La position de la Cour de cassation : chaque acte distinct fait courir un nouveau délai

La Cour de cassation casse cet arrêt. Elle rappelle un principe fondamental :

  • lorsque la contrefaçon résulte d’une succession d’actes distincts (par exemple, chaque nouvelle diffusion, chaque nouvelle mise en ligne, chaque nouvelle exploitation commerciale), le délai de prescription repart pour chacun de ces actes ;
  • en revanche, si l’on est en présence d’un acte unique prolongé dans le temps, le délai court une seule fois, dès la connaissance initiale.

Autrement dit, la mise en ligne d’une chanson, sa vente continue, sa diffusion sur les plateformes de streaming ou sa réédition peuvent constituer autant d’actes de contrefaçon distincts, ouvrant à chaque fois un nouveau délai de 5 ans.

Un enjeu pratique majeur pour les auteurs et ayants droit

Cet arrêt confirme l’importance, pour les auteurs, compositeurs, éditeurs et producteurs, de surveiller en continu l’exploitation de leurs œuvres. La prescription en matière de droit d’auteur ne se limite pas à la première publication ou à la première reproduction litigieuse : chaque nouvelle exploitation peut rouvrir la possibilité d’agir.

Ainsi, un artiste qui découvre qu’une œuvre inspirée de la sienne est toujours diffusée en ligne plusieurs années après sa sortie peut encore intenter une action en contrefaçon, à condition de se situer dans le délai de cinq ans à compter du dernier acte identifié.

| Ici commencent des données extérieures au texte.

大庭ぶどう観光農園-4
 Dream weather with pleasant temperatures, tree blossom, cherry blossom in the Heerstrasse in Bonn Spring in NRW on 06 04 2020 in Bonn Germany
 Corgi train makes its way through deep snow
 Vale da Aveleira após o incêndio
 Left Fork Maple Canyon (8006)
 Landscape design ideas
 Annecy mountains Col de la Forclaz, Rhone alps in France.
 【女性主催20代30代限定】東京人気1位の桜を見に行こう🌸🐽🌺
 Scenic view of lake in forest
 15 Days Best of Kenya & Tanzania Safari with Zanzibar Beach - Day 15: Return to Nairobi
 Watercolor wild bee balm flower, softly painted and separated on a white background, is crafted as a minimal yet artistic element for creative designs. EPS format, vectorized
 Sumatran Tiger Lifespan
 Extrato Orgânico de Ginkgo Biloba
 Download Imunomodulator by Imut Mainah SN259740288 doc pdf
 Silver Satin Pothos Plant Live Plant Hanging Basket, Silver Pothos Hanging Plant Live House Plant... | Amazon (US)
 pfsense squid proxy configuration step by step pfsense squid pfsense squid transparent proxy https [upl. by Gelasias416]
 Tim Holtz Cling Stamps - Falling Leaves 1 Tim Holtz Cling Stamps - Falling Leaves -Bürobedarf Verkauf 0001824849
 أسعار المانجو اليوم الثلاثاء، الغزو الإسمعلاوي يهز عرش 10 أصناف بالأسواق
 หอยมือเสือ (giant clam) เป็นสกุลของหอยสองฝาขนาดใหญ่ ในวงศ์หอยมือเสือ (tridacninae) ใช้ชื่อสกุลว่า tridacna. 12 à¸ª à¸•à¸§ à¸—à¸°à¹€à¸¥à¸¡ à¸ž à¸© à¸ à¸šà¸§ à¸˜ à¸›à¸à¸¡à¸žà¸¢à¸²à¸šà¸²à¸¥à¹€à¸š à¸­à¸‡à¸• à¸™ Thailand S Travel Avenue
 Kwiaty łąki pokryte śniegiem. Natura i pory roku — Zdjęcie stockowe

Conclusion : une décision protectrice des créateurs

La décision de la Cour de Cassation du 3 septembre 2025 s’inscrit dans une logique de protection renforcée des créateurs face aux pratiques de diffusion numérique qui prolongent dans le temps l’exploitation des œuvres. Elle clarifie le point de départ de la prescription en matière de contrefaçon et rappelle que chaque diffusion illégale constitue une atteinte nouvelle.

Pour les artistes, éditeurs ou héritiers d’auteurs, cet arrêt est une invitation à rester vigilants et à envisager une action même plusieurs années après la sortie d’une œuvre concurrente, dès lors que des actes récents de diffusion ou de commercialisation subsistent.